Whoops, yes indeed I do mean 16 threads :stuck_out_tongue:

And now that there’s a link in it I can’t edit it :laughing:
EDIT: fixed, still learning :slight_smile:

2 Likes

You should be able to now.

2 Likes

Very neat!

I’ve been playing and fiddling with VFIO for about 2 weeks now. My wife was about to leave. :laughing:

The last setup I had was on Xubuntu 19.04, but with terrible latency spikes and really bad performance over all. Now I have settled on Pop! OS 19.04, which gives me the best performance and responsiveness so far. :blush:

But I am still tweaking the rig.

At the moment I utilize all 12 threads of my Ryzen 5 2600X for the guest, and about 2/3rds of my memory. I should compare 12 threads CPU setup performance to 10 threads I guess, and leave some juice for the host. :smile:


///EDIT

Oh, btw., these hyperv settings gave me a great performance boost on the guest.

<hyperv>
  <relaxed state='on'/>
  <vapic state='on'/>
  <spinlocks state='on' retries='8191'/>
  <vpindex state='on'/>

  <synic state='on'/>
  <stimer state='on'/>

  <vendor_id state='on' value='whatever'/>
</hyperv>
1 Like

It seems synic and stimer both depend on vpindex which isn’t supported on host side for me.

And besides vendor_id, all other values where default or from Arch Wiki.

Latencymon on guest is ok with 12 threads ? I mean if there’s no defect it’s not really an issue I guess.

LatencyMon is floating along at about 20 - 200 us in idle.

Sometimes there are spikes to 3000 - 8000 under load, but just once in a while.

I tried a few benchmarks now. But the cost for cutting down 2 threads is too large in my case. :smile:

Ehh, you’d be surprised :smiley: My 14t vm pretty much match up with win10 on 16t. I did gain bench scores through settings I done regarding latency improvements. Around 900 points on firestrike. What can you do on 6 cores that can’t be done on 5 :smiley: ? Anyway, the point with latency is to improve image perception and audio cracking, more or less. If you don’t have those issue you might as well get away with it. But they might come back with heavy load.

As far as I understand it, latency is more a byproduct of the whole setup than anything else so testing should also imply network and ‘disk’ IO, not only GPU/CPU. Some bench are very light on CPU. The other tool that came with latencymon also produced scary numbers very fast before addressing latency.

If you want to tackle it it seems one of the first steps is CPU pinning, for that you need to check with lstopo how your thread are mapped.
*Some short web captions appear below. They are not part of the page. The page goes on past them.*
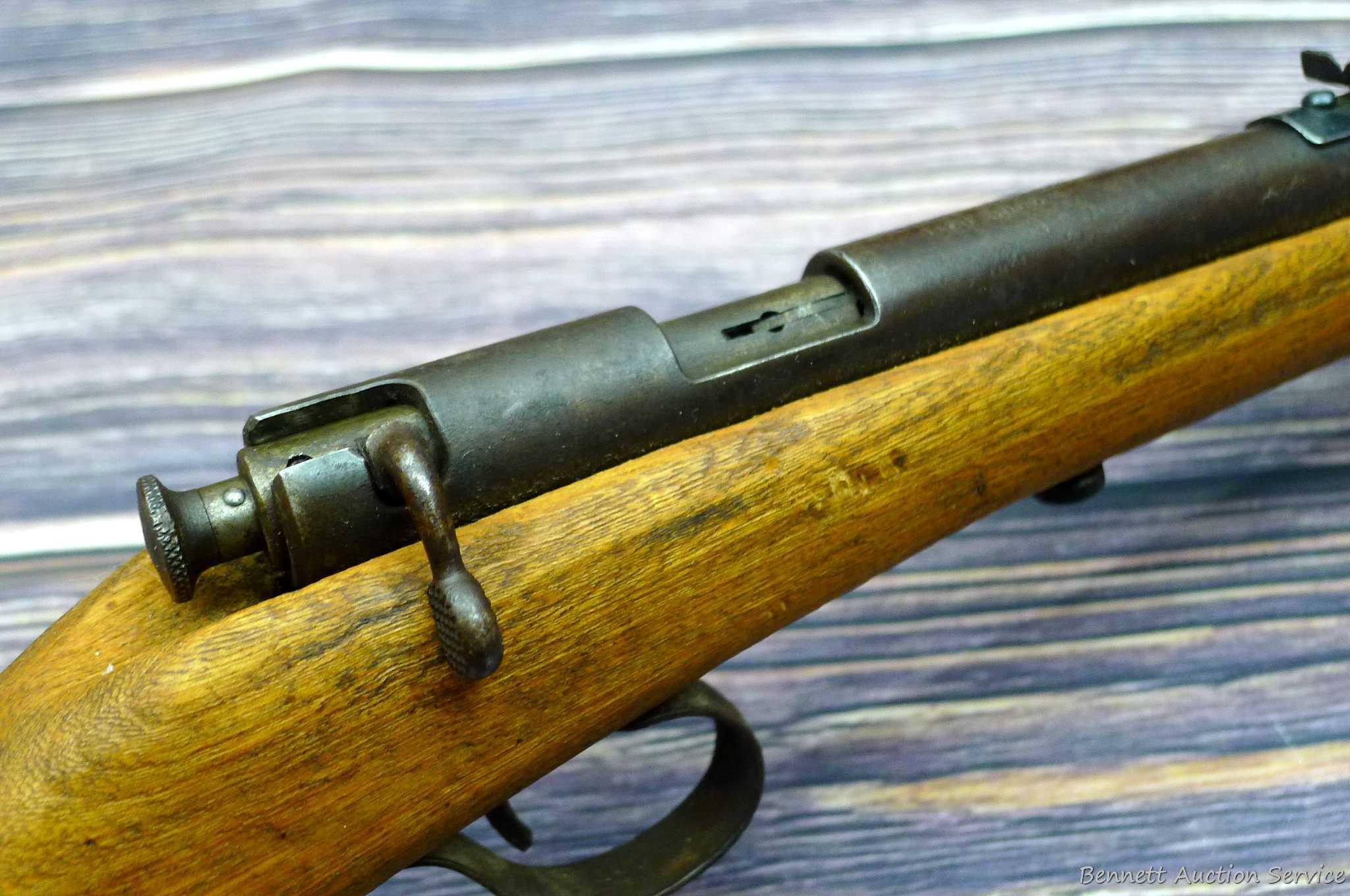 Savage Model 1911 bolt action boys rifle chambered .22 Short. 20" barrel is uniformly dark with weak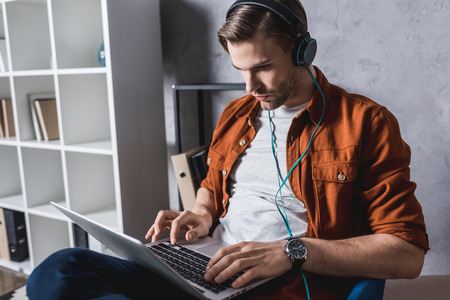 young handsome man in headphones working with laptop on couchの写真素材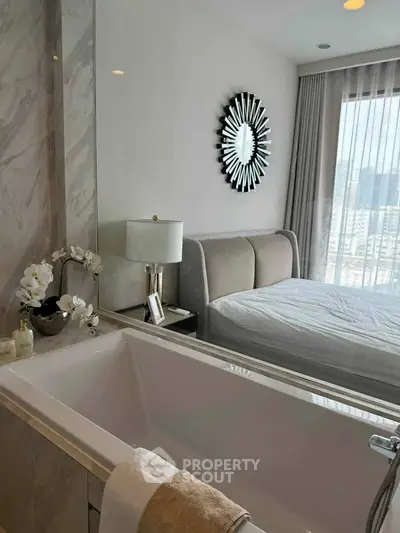 Luxurious bedroom with ensuite bathroom featuring a stylish bathtub and elegant decor.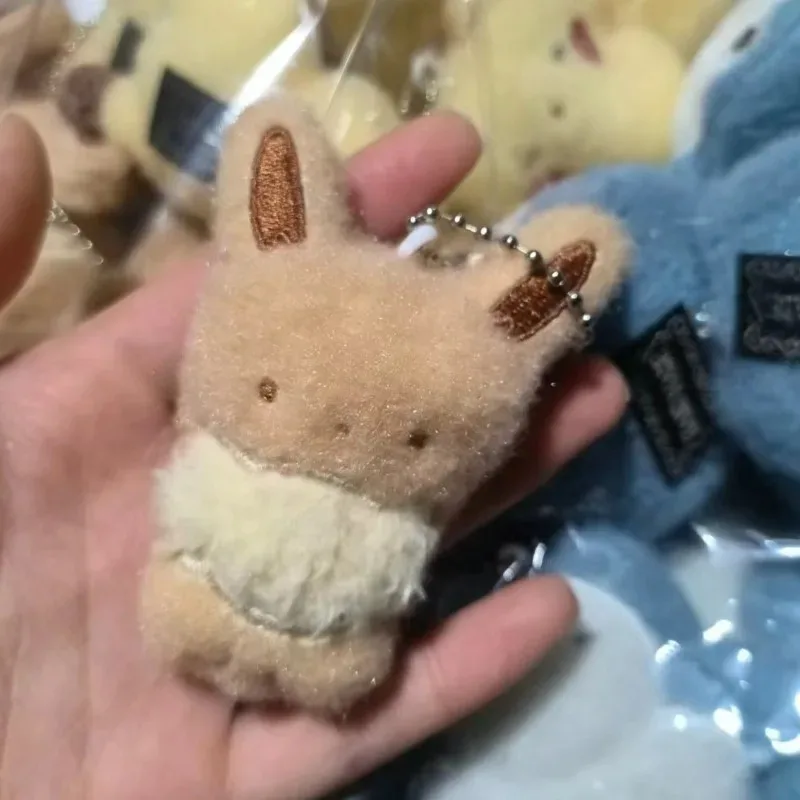 Фото Новый брелок Eevee Snorlax Ditto, милый мультяшный аксессуар для школьного рюкзака, портативный брелок-антипотеряшка, подарок на Хэллоуин №4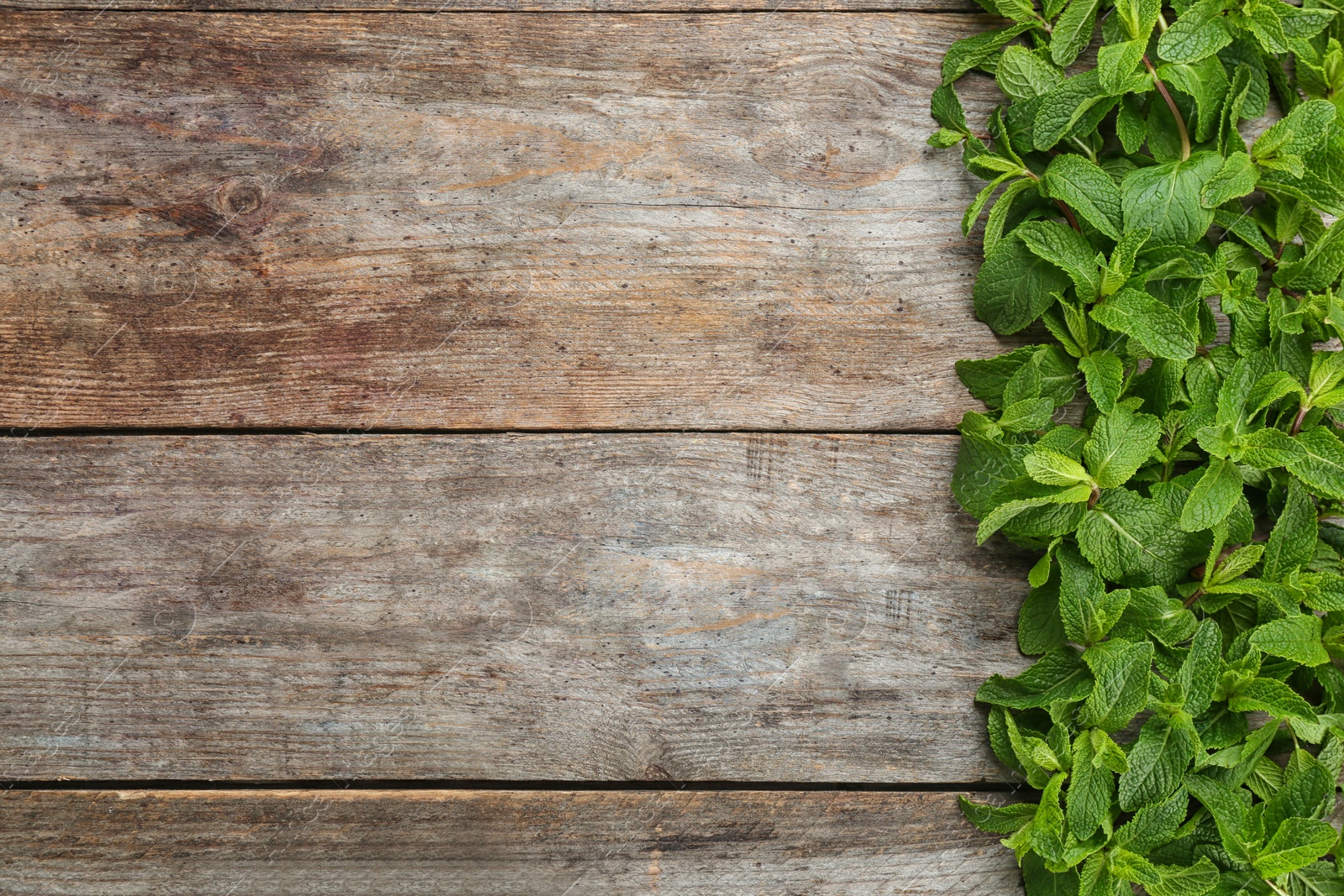 Photo of Fresh aromatic mint on wooden background, top view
But I’m way to much of a noob on the topic to advise you properly, especially with an AMD cpu since I did it on i9.

I tried to sum up my latency modifications there

In your case, maybe try cpu-pm=on first since it seems AMD/Intel agnostic.

After a Rainbow 6 Siege benchmark & game through looking glass ~ 20 min


Since adding cpu-pm=on, I’ve never seen DPC that high, during testing it capped at 450. I forgot to test random access IO though.

1 Like

Nice. I’ll test cpu-pm this evening. :slight_smile:

Also, that post was linked on reddit and somewhat demonstrates that some CPU pinning tend to be harmful for latency.